Here are some natural ways to encourage people to open up and talk more in a conversation:
- Ask open-ended questions that can’t be answered in one word
- Hone in on topics the other person seems interested in
- Be warm and friendly towards the person to help them feel more comfortable around you
An interesting study from Stanford University found that people who abruptly changed topics during a conversation were viewed as interrupting, even when they didn’t talk over anyone. This means that people may believe you are interrupting if you are too quick to cut off a conversation, change the subject, or jump to a new topic. Avoid making other people feel like you are interrupting by changing a topic in a slow, gradual, and deliberate way.
It can help to leave yourself reminders—for example, a sticky note on your monitor or a note on your phone’s lock screen—not to interrupt people. These reminders can help you stay on track when you’re trying to break the habit.
There are many reasons why people interrupt during a conversation, and there are even some situations where interrupting is socially acceptable. For instance, interrupting a meeting to make an important announcement or update may be necessary to share information with the group.
People in leadership positions may need to interrupt more often to maintain order and keep the group organized and on-topic. Norms around turn-taking can also vary depending on a person’s culture, with some cultures regarding it as rude and others as normal or expected.
Here are some situations where it may be appropriate or OK to interrupt someone in a conversation:
- To share important information or updates
- When there is an urgent situation or emergency
- To guide or keep a conversation on topic
- Providing a turn or chance for quiet or excluded people to talk
- Confronting disrespectful or unacceptance behavior
- When you have not been given a chance to talk or give input at all
- After unsuccessfully trying polite ways to ask for a turn to talk
- When you need to end or close a conversation
When you do need to interrupt someone, it’s important to do so tactfully. There are some ways of interrupting that are more likely to be seen as rude or aggressive, and other ways that are more subtle.
Here are some ideas of how to interrupt in a polite way:
- Saying “excuse me…” before interrupting
- Raising your hand before you interrupt
- Cueing the speaker with a look, nod, or gesture beforehand
- Interrupting quickly by saying, “Just one quick thing…”

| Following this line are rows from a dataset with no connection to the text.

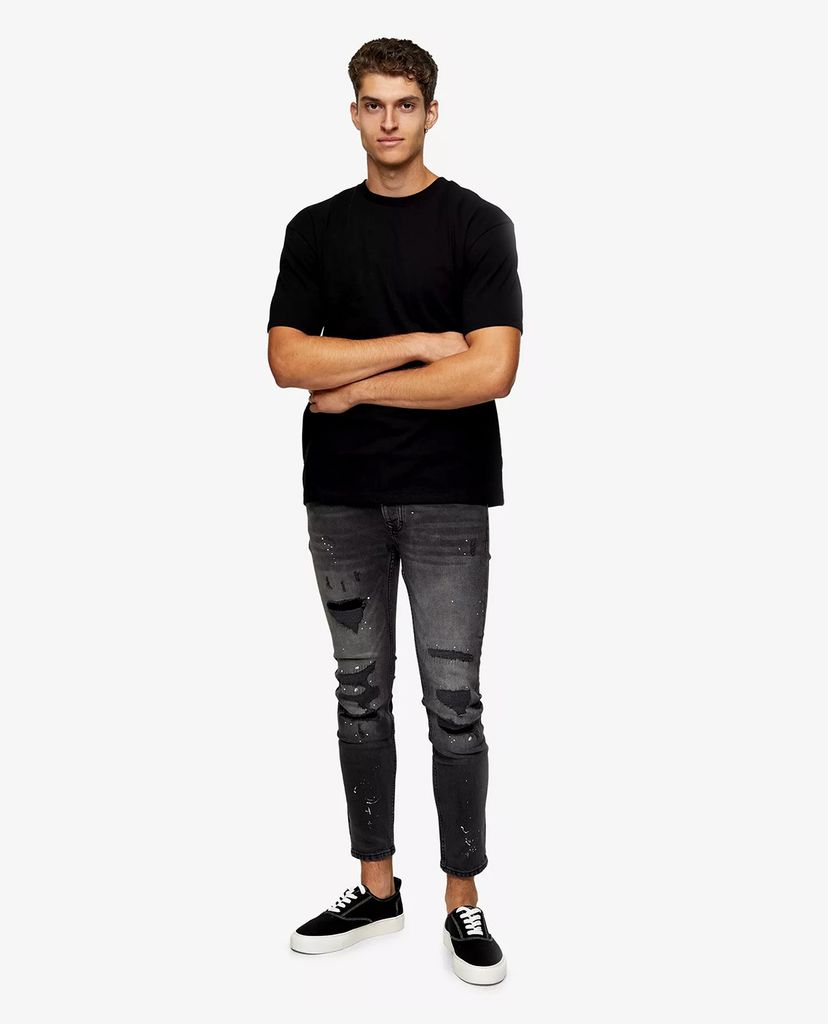 TOPMAN - Quần jeans nam skinny Washed Black Ripped Paint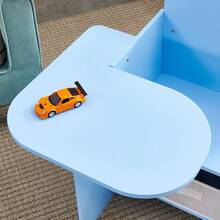 2 In 1 Wooden Children Table With Chair, Small Kids Table And Chair Set With Storage Box, Suitable For Kids Children Toddlers Boys Girls, Blue - Blue - View 3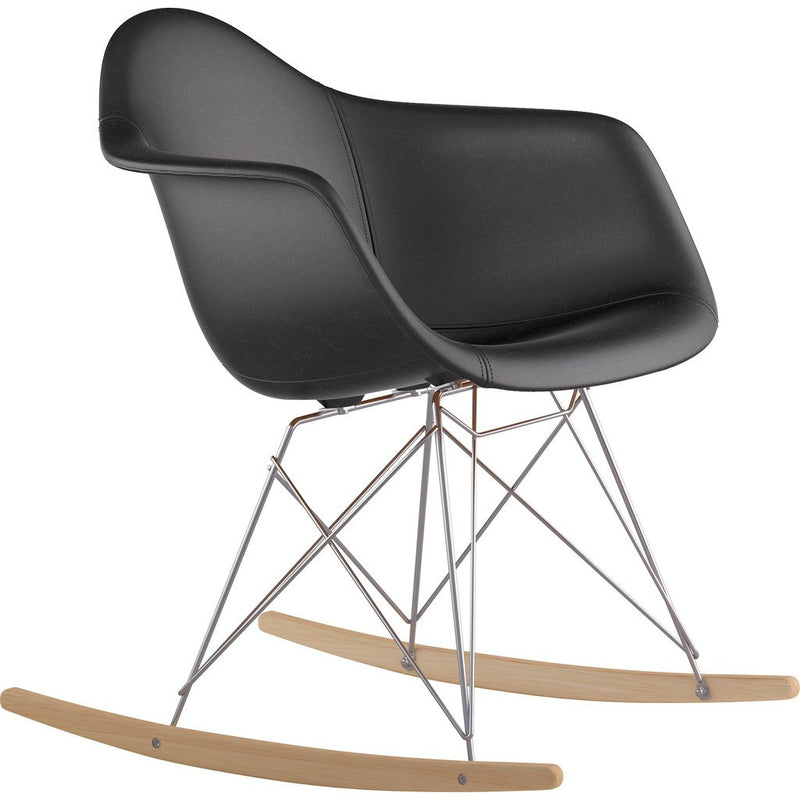 NyeKoncept Mid Century Rocker Chair | Milano Black/Nickel 332009RO1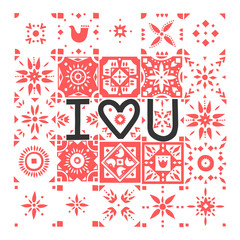 Vector greeting card. Lettering I Love You on a background of red patterned tiles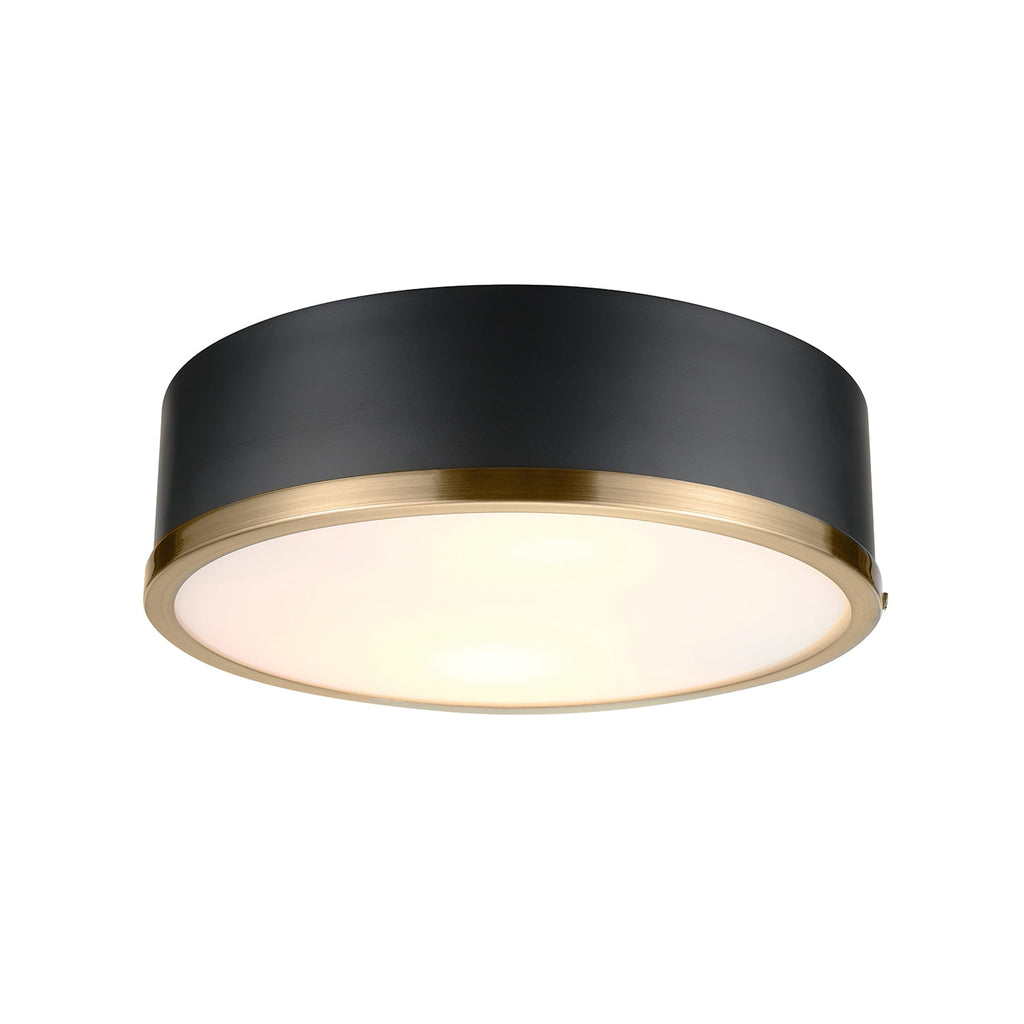  Irving Park 2-Light Flush Mount, Matte Black Finish, Burnished Brass Accents, Frosted Glass Shade, LED Bulbs Included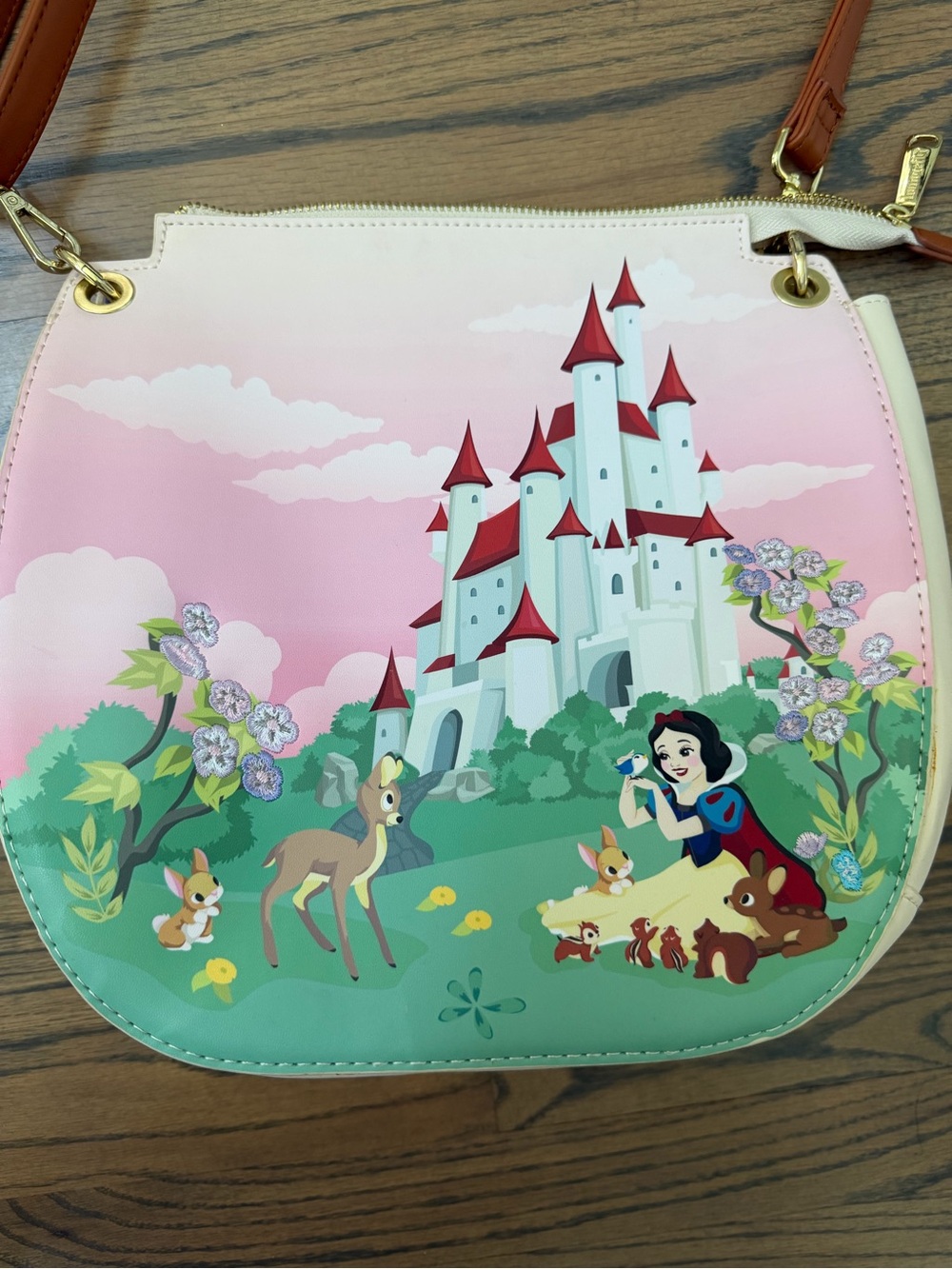 Loungefly Pink & Cream Snow White Castle Crossbody Bag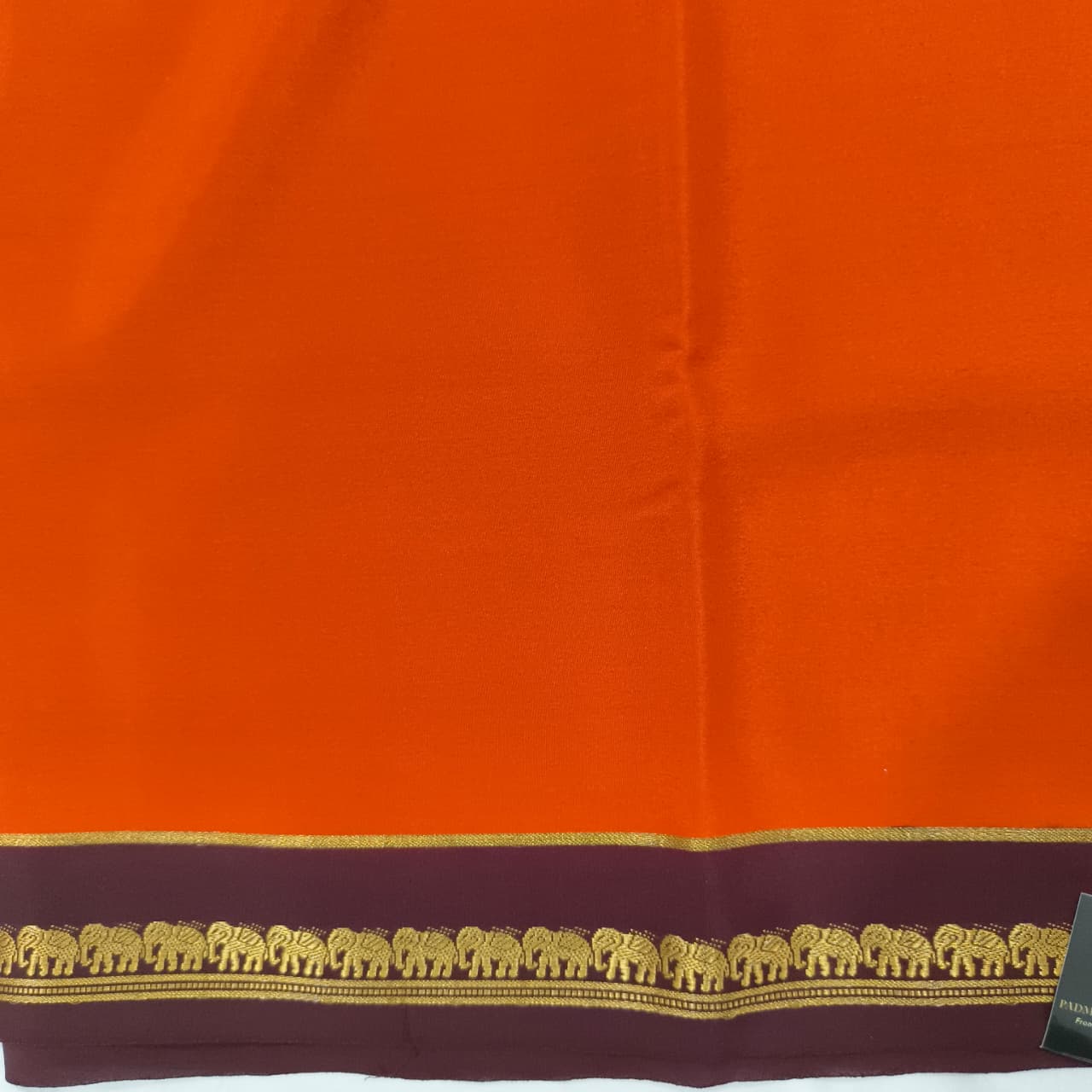Pure Mysore Crepe Silk Saree – Orange and Deep Maroon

- Apologizing for interrupting and explaining why you need to
- Try not to make the interruption too abrupt
Interrupting could be something you do unconsciously when you’re really nervous, excited, or upset about something, but it can be irritating to other people. When you do it too often, it can even lead people to wrongly assume you are pushy, arrogant, or domineering. By paying more attention during conversations, avoiding urges to interrupt, and working on improving your communication and social skills, you can break this bad habit and have better conversations.
Here are answers to some of the most common questions people have about interrupting people in conversations.
If you have a problem with compulsive talking and interrupting behavior, it may be a nervous habit or something you do unconsciously when you’re too focused or excited about something you want to say.
There are some exceptions, but it is generally considered rude to interrupt someone who is talking. Waiting until a person finishes their sentence before starting to speak is usually considered polite.
Finishing a best friend or partner’s sentence can sometimes be a cute, funny way to demonstrate how well you know them, but doing it too much can be annoying. It can also offend someone or make them feel undermined, especially when you don’t know them very well.